La banca centrale, nel nostro caso la BCE, effettua delle aste settimanali in cui offre liquidità alle banche ordinarie. Queste aste si chiamano Operazioni di rifinanziamento principali (Main Refinancing Operations, MRO). In seguito alle misure straordinarie adottate dalla BCE nel 2008 quando si manifestò con virulenza la crisi finanziaria, il sistema corrente non si basa più sulle aste, e questo ci semplifica la vita: la BCE offre settimanalmente alle banche tutta la liquidità che esse desiderano al tasso di interesse sulle MRO da essa deciso. Tale tasso è quello che Draghi, in seguito alle decisioni del consiglio direttivo della BCE, conferma o modifica. Attualmente questo tasso è quasi zero, lo 0,05% più precisamente, un’altra misura straordinaria su cui torneremo. Quando la BCE crea euro a favore delle banche lo fa ottenendo titoli a garanzia, il cosiddetto collaterale.[5]

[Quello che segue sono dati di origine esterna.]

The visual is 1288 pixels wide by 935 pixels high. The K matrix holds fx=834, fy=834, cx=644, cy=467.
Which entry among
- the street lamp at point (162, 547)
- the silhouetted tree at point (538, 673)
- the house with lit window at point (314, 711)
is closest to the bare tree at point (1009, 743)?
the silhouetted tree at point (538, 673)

Mentre col sistema delle aste settimanali le banche devono ogni settimana restituire la liquidità riprendendosi i titoli, normalmente la BCE con le Operazioni di rifinanziamento a lungo termine (Longer Term Refinancing Operations, LTRO) offre fondi a più lungo termine, prima della crisi solitamente a tre mesi. L’acronimo LTRO, come altri di cui anche molti economisti professionisti ignoravano l’esistenza, è diventato poi famoso a fine 2012, vedremo perché.
Le banche potrebbero però trovarsi a corto di liquidità senza aver tempo di ricorrere a un’asta. Per esempio un certo giorno i clienti della Banca Chiara possono aver effettuato pagamenti a favore di clienti della Banca Onesta in misura più copiosa di quanti i clienti della Banca Onesta ne abbiano effettuati a favore della Banca Chiara. Col risultato che la Banca Chiara ha perso riserve a favore della Banca Onesta (che probabilmente ne ha ora in eccesso). La Banca Chiara ha due alternative: o farsi prestare riserve da Banca Onesta (che ne ha in eccesso) o ricorrere alla banca centrale ottenendo un prestito “overnight”, cioè da restituire in 24 ore. Vediamo.

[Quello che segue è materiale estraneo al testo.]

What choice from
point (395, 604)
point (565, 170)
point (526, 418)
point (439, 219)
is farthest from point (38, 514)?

Normalmente la banca centrale remunera le riserve bancarie obbligatorie al tasso sulle MRO – che, avrete capito, è il tasso “principe” della BCE. Non remunera però le riserve in eccesso. Essa offre però la possibilità di parcheggiare le riserve in eccesso presso un conto che si chiama “deposito marginale” (marginal deposit facility) che prevede un tasso tuttavia inferiore a quello sulle MRO. Banca Onesta (che ha riserve in eccesso) avrà dunque in generale convenienza a prestare riserve a Banca Chiara (che è invece sotto) purché questa paghi un interesse superiore a quello sul deposito marginale. Prendiamo la situazione al 13 giugno 2007, prima della crisi (non prendiamo i tassi correnti perché la situazione attuale è un po’ anomala, anche se è una anomalia destinata a durare dato che ad essere anormale è l’Euro).

Banca Onesta otterrebbe il 3% se depositasse l’eccesso di riserve nel conto Deposito marginale. Sarebbe dunque disposta a prestare a Banca Chiara purché a un tasso superiore. Banca Chiara, dal canto suo, potrebbe ottenere un prestito “overnight” dalla BCE al 5% ricorrendo al cosiddetto “prestito marginale” (Marginal Lending Facility). Ovviamente sarebbe gradito a Banca Chiara ottenere un prestito da Banca Onesta purché a un tasso inferiore al 5%. Non bisogna essere economisti per capire che le due banche si accorderanno per un prestito a un tasso che, grosso modo, sarà attorno al 4%. Questo che abbiamo descritto è il segmento a più breve termine del mercato dei prestiti interbancari.[6] Normalmente il tasso interbancario overnight, che le banche si praticano vicendevolmente, gravita attorno al tasso sulle MRO che è al centro del cosiddettocorridoio dei tassi, quello del box precedente. L’obiettivo della politica monetaria è proprio il tasso interbancario, un tasso a brevissimo termine che però è l’architrave di tutta la struttura dei tassi di interesse a più lungo termine. Obiettivo della BCE è che il tasso interbancario approssimi quello relativo alle MRO, vale a dire alle principali operazioni di rifinanziamento della banca centrale. La BCE ottiene normalmente quest’obiettivo fissando il corridoio dei tassi e lasciando che il mercato interbancario converga verso il tasso sulle MRO.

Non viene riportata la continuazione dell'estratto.